Assigned task: How many lines in the records below contain the word "lift"? Answer with the number alone.

----- Information shown

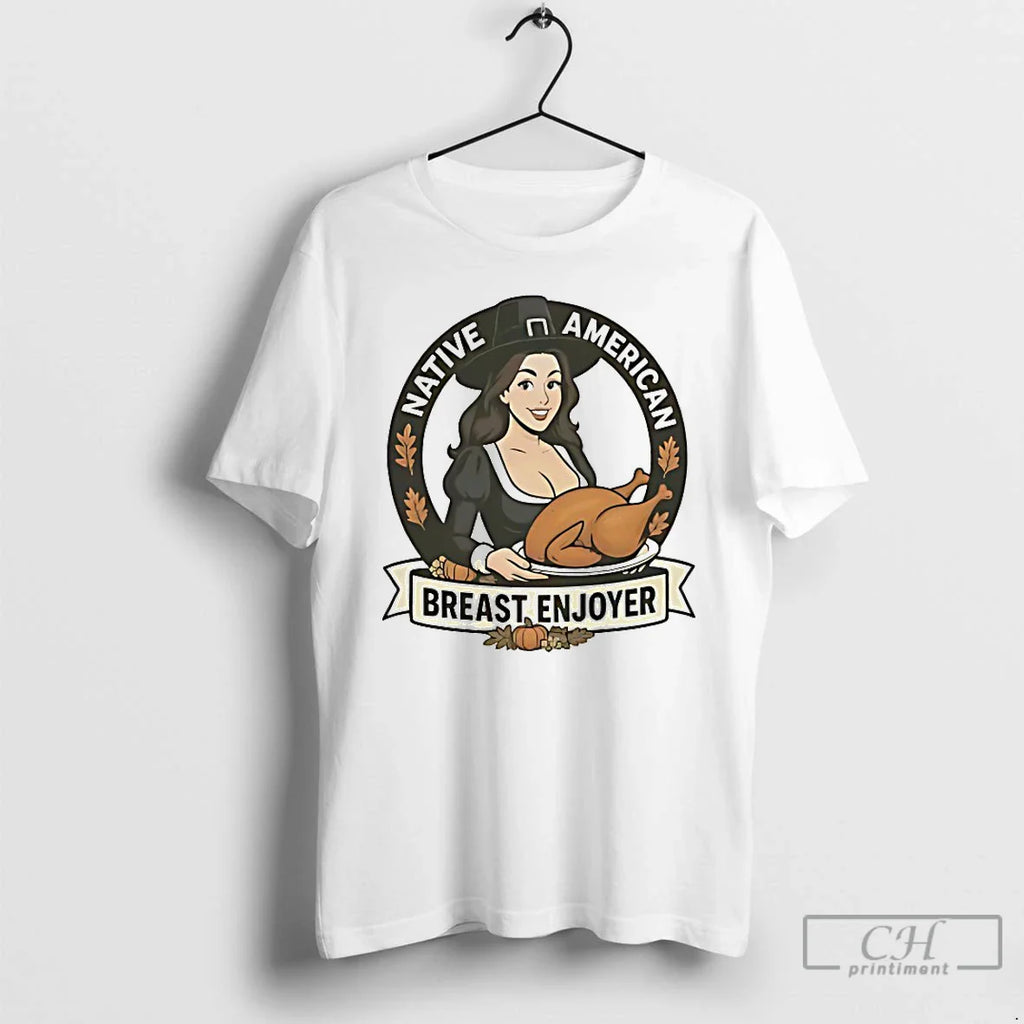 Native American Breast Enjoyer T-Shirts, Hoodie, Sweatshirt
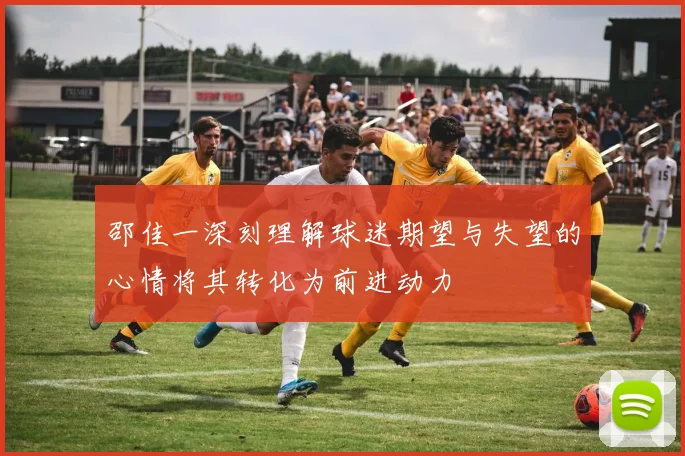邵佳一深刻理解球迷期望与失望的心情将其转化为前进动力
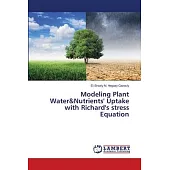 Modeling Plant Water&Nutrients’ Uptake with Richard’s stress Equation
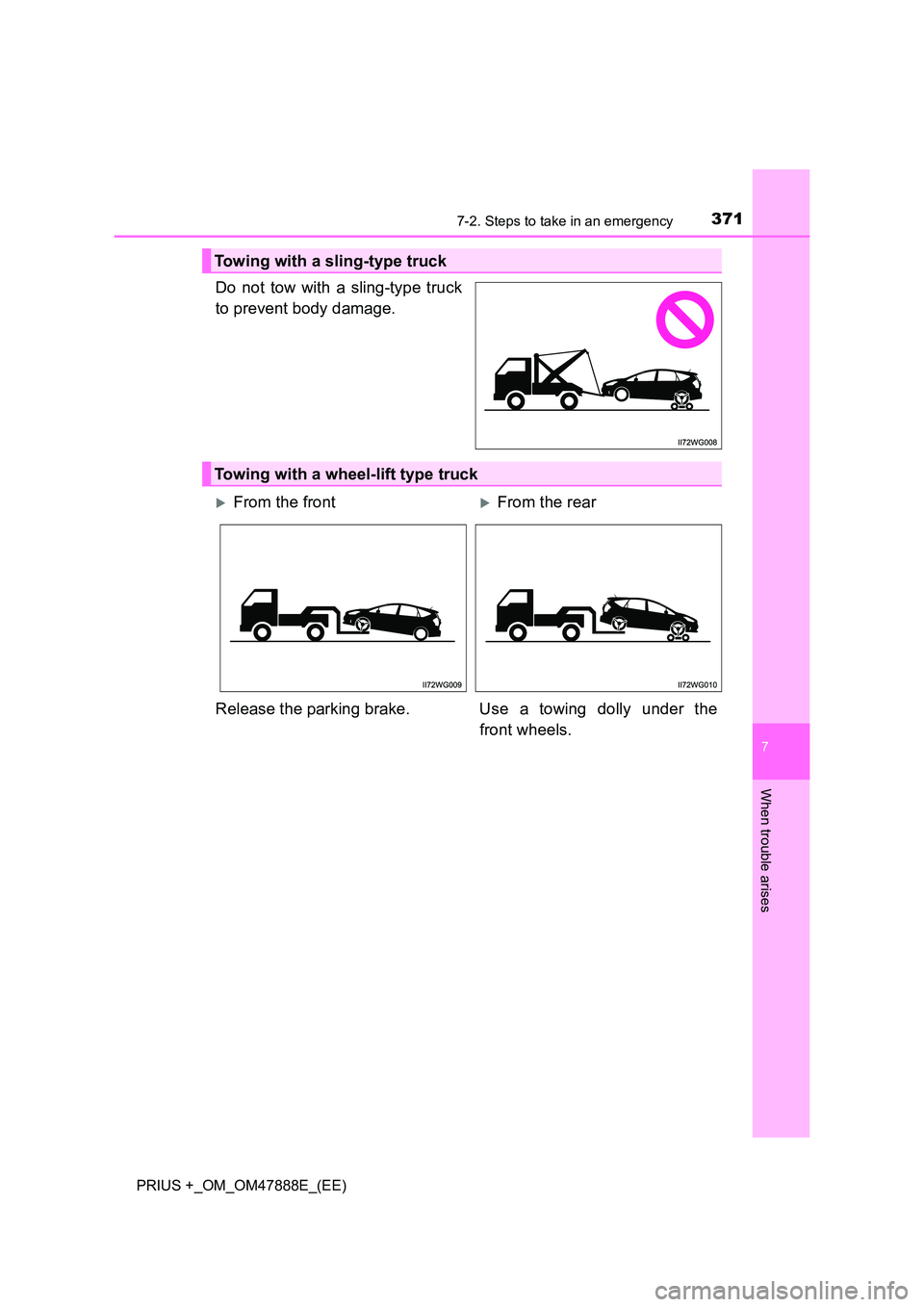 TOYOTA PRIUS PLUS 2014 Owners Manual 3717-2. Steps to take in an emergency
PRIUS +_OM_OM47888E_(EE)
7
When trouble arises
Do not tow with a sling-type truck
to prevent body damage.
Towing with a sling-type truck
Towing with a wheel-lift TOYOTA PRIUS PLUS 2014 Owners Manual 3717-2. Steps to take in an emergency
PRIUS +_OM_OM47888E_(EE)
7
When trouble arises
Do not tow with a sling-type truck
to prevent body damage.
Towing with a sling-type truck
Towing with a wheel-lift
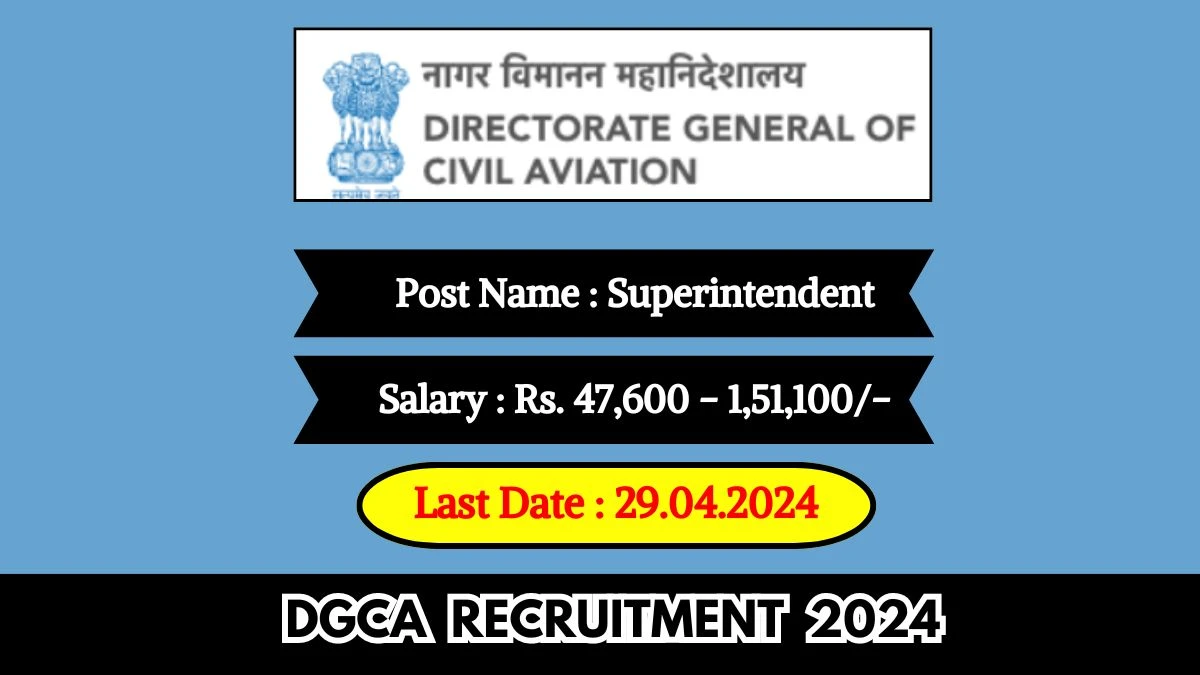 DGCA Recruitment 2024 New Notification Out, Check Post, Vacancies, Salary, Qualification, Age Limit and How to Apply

----------
----- Information shown

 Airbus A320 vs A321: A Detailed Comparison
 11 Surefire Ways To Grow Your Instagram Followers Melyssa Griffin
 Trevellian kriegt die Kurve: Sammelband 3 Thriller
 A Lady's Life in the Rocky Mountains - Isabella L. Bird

----------
----- Information shown

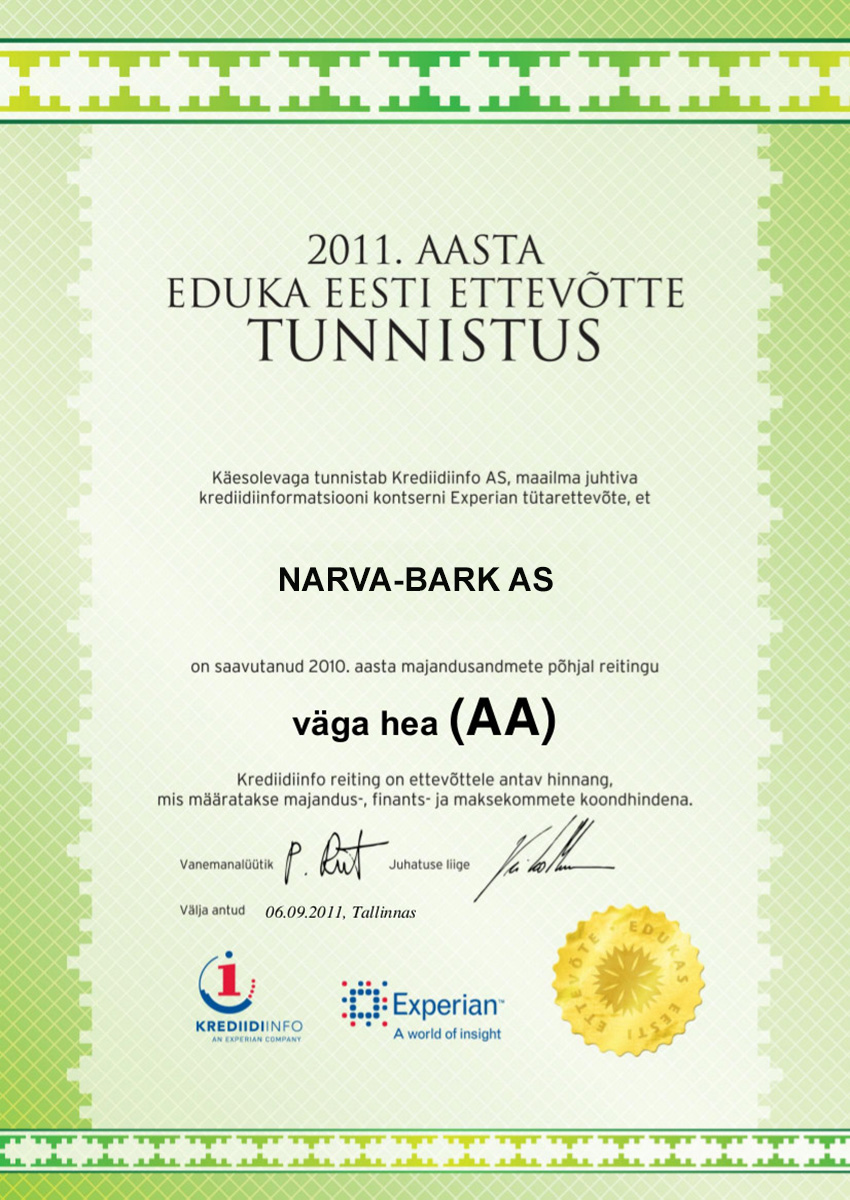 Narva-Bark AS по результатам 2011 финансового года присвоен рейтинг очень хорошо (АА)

----------

Answer for this exercise: 2